Colombia football star Jhon Viafara has been arrested after the US government accused him of drug trafficking for paramilitary group AGC.
Viafara was arrested in Cali after a car accident that occurred while Viafara was allegedly speeding and intoxicated.
The former player of English sides Southampton and Portsmouth was allegedly involved in a scheme to transport and distribute 2.5 tons of cocaine between 2017 and 2018 by air and sea to Central America, where they would have been sold to the Sinaloa Cartel from Mexico and sent onwards to the US.
According to investigators, Viafara paid those who transported the shipments by plane and speed boat.

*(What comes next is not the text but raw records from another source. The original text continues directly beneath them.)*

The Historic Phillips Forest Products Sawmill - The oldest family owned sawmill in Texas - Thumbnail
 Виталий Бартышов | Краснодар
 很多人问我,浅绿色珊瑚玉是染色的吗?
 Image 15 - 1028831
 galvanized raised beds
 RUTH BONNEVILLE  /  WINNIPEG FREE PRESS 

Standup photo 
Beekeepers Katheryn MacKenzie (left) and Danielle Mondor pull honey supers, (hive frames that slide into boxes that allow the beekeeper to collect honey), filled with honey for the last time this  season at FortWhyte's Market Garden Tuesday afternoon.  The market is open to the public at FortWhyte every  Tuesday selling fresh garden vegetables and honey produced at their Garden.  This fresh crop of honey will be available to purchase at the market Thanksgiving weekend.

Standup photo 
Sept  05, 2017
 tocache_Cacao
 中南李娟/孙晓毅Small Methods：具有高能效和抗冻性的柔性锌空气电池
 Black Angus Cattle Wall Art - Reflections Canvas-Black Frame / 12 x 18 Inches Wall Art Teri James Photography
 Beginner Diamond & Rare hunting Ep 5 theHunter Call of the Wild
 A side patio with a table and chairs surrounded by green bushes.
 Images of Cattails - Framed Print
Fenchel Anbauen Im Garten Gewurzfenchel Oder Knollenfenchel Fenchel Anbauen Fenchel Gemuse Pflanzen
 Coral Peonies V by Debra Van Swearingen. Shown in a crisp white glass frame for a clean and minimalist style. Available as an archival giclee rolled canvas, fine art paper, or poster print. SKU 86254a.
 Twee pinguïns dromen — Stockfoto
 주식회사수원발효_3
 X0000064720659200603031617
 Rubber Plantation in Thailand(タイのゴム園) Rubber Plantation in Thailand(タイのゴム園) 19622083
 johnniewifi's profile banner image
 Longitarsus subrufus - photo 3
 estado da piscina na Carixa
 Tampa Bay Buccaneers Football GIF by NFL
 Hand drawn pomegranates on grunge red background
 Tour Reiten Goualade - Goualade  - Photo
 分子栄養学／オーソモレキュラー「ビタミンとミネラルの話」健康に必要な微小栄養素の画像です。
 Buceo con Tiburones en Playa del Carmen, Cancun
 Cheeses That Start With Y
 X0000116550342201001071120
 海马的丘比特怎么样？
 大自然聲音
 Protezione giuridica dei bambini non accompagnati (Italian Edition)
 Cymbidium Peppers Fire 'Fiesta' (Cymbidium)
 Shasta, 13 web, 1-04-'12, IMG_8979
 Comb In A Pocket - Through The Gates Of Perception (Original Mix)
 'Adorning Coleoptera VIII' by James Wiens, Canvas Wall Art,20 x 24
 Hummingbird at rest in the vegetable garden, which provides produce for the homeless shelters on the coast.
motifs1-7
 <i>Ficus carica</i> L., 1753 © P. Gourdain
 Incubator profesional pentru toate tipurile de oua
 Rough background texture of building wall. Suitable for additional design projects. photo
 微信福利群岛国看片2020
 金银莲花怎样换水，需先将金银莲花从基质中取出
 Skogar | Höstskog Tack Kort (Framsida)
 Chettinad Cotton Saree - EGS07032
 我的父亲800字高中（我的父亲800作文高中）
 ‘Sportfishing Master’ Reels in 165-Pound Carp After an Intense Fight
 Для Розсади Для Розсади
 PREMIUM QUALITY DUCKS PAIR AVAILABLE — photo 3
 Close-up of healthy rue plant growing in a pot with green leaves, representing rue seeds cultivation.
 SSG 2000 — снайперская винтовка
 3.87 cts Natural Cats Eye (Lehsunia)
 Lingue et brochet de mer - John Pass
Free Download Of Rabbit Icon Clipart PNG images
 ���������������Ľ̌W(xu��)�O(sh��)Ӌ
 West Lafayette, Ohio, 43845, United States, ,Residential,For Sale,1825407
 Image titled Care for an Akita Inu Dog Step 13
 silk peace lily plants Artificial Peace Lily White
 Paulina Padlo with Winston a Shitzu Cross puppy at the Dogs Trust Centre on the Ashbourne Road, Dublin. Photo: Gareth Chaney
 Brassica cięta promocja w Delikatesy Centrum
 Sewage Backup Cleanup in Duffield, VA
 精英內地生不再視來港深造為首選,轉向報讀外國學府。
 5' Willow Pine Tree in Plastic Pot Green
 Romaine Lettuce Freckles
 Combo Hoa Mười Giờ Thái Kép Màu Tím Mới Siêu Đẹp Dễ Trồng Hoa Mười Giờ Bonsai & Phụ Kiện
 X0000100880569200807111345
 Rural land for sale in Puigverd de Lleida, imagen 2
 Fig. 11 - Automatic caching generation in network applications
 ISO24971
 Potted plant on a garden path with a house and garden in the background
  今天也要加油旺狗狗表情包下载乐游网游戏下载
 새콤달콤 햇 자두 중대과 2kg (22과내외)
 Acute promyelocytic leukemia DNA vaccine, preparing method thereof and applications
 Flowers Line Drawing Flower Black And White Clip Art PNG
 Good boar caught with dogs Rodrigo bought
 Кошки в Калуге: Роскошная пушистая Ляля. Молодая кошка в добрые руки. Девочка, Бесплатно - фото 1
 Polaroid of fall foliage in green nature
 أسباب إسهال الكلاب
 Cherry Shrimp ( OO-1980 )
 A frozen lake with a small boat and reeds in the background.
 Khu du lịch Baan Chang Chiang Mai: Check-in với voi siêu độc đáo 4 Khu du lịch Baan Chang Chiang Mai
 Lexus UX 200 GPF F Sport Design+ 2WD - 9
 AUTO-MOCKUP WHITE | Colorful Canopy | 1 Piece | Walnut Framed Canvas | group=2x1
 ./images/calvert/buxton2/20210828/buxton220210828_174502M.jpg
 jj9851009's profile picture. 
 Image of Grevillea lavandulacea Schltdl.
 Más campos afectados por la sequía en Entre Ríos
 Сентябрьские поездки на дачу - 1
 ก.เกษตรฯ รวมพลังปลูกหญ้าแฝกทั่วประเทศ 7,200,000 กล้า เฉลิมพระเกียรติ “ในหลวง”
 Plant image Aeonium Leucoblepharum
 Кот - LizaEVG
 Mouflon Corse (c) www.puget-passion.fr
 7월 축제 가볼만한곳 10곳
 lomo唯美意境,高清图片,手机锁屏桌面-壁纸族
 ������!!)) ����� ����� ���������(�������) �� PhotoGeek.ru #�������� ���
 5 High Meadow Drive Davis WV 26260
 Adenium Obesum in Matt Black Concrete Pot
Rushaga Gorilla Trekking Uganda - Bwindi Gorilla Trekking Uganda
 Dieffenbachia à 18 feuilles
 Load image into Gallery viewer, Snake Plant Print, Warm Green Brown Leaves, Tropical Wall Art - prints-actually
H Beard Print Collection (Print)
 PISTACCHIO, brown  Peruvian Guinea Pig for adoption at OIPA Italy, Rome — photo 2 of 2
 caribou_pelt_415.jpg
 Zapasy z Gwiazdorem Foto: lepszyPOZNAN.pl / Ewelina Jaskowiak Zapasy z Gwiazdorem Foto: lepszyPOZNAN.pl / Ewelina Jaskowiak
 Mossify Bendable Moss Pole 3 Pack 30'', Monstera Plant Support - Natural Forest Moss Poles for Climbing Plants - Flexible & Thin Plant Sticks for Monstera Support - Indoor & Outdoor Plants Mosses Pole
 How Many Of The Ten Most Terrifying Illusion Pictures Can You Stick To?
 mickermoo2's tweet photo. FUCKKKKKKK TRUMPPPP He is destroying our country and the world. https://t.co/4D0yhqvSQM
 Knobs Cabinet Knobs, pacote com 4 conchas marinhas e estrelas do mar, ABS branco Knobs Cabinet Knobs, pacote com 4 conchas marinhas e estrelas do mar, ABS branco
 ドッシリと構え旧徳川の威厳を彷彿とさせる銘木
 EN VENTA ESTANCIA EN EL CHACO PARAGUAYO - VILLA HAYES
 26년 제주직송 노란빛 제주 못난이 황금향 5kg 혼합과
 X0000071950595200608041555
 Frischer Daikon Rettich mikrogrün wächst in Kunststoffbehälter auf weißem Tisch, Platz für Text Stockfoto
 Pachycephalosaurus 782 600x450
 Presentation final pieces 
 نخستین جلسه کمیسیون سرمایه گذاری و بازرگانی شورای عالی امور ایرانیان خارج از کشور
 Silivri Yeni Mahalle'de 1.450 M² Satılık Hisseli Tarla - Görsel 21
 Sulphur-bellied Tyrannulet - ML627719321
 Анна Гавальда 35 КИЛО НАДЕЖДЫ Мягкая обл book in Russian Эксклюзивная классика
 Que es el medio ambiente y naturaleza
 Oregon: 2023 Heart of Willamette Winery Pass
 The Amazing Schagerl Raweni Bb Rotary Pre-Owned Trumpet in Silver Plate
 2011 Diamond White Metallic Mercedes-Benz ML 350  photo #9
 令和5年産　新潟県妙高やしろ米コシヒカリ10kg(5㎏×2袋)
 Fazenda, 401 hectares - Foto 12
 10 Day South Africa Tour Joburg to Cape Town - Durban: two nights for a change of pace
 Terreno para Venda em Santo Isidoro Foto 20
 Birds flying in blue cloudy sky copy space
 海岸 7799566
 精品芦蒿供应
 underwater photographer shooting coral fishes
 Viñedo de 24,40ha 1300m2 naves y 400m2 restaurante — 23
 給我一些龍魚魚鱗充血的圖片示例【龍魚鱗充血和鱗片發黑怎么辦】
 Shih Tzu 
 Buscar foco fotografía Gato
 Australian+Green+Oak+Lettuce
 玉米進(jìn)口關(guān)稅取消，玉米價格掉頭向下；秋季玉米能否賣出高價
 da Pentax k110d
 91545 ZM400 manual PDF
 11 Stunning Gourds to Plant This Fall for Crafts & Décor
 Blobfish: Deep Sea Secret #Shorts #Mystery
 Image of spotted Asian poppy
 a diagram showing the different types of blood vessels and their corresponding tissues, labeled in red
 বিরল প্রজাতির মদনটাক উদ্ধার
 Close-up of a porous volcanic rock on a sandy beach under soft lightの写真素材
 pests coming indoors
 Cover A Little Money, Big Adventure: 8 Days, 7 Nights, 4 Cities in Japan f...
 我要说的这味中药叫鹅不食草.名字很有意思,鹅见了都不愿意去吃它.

The football player’s father denied the charges, claiming the family doesn’t even have money to pay the utilities bill.
Jose Viafara
Prosecutors in Texas allege that the football star is tied to the Gaitanista Self-Defense Forces of Colombia (AGC), called the Gulf Clan by the government, Colombia’s largest illegal armed group with between 3,000 and 7,000 combatants.
A primary ally of the Sinaloa Cartel in Mexico, the group that was formed by dissident members of paramilitary umbrella organization AUC (19997-2006) is considered Colombia’s most prominent player in the cocaine trade, trafficking most drugs across the Pacific to the United States.
Midfielder Viafara played on Colombian club and national teams before moving onto Southampton, Portsmouth, and Real Sociedad. He retired in 2015.
He was previously in trouble with the law for another auto-accident while driving intoxicated.
The Colombian drug trade has drawn other retired Colombian football players.
Last month, National team defender Diego Leon Osorio was convicted for distributing drugs. John Jimenez was also charged with the same crime.